• EXERCISE AIM
Retyping the entries exactly is all that is required.

Saved data entries:

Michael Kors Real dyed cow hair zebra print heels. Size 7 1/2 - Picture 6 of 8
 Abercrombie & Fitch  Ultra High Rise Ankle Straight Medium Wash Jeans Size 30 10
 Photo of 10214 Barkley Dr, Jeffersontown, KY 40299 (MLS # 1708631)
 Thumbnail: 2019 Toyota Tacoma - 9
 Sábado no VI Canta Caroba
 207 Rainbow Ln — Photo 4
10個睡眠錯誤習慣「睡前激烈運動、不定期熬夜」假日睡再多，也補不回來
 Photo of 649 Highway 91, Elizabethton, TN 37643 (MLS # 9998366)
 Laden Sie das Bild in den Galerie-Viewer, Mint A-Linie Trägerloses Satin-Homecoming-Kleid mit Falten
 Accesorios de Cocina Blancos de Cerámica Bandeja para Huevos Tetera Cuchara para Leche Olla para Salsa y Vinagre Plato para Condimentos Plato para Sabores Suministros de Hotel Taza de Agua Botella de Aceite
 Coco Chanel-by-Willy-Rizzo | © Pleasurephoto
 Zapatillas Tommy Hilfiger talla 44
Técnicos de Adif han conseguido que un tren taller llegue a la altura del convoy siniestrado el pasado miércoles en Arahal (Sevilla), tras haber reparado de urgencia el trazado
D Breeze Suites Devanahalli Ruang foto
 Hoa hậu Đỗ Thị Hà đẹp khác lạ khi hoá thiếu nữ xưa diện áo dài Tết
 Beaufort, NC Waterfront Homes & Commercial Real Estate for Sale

• EXPECTED OUTPUT
Michael Kors Real dyed cow hair zebra print heels. Size 7 1/2 - Picture 6 of 8
 Abercrombie & Fitch  Ultra High Rise Ankle Straight Medium Wash Jeans Size 30 10
 Photo of 10214 Barkley Dr, Jeffersontown, KY 40299 (MLS # 1708631)
 Thumbnail: 2019 Toyota Tacoma - 9
 Sábado no VI Canta Caroba
 207 Rainbow Ln — Photo 4
10個睡眠錯誤習慣「睡前激烈運動、不定期熬夜」假日睡再多，也補不回來
 Photo of 649 Highway 91, Elizabethton, TN 37643 (MLS # 9998366)
 Laden Sie das Bild in den Galerie-Viewer, Mint A-Linie Trägerloses Satin-Homecoming-Kleid mit Falten
 Accesorios de Cocina Blancos de Cerámica Bandeja para Huevos Tetera Cuchara para Leche Olla para Salsa y Vinagre Plato para Condimentos Plato para Sabores Suministros de Hotel Taza de Agua Botella de Aceite
 Coco Chanel-by-Willy-Rizzo | © Pleasurephoto
 Zapatillas Tommy Hilfiger talla 44
Técnicos de Adif han conseguido que un tren taller llegue a la altura del convoy siniestrado el pasado miércoles en Arahal (Sevilla), tras haber reparado de urgencia el trazado
D Breeze Suites Devanahalli Ruang foto
 Hoa hậu Đỗ Thị Hà đẹp khác lạ khi hoá thiếu nữ xưa diện áo dài Tết
 Beaufort, NC Waterfront Homes & Commercial Real Estate for Sale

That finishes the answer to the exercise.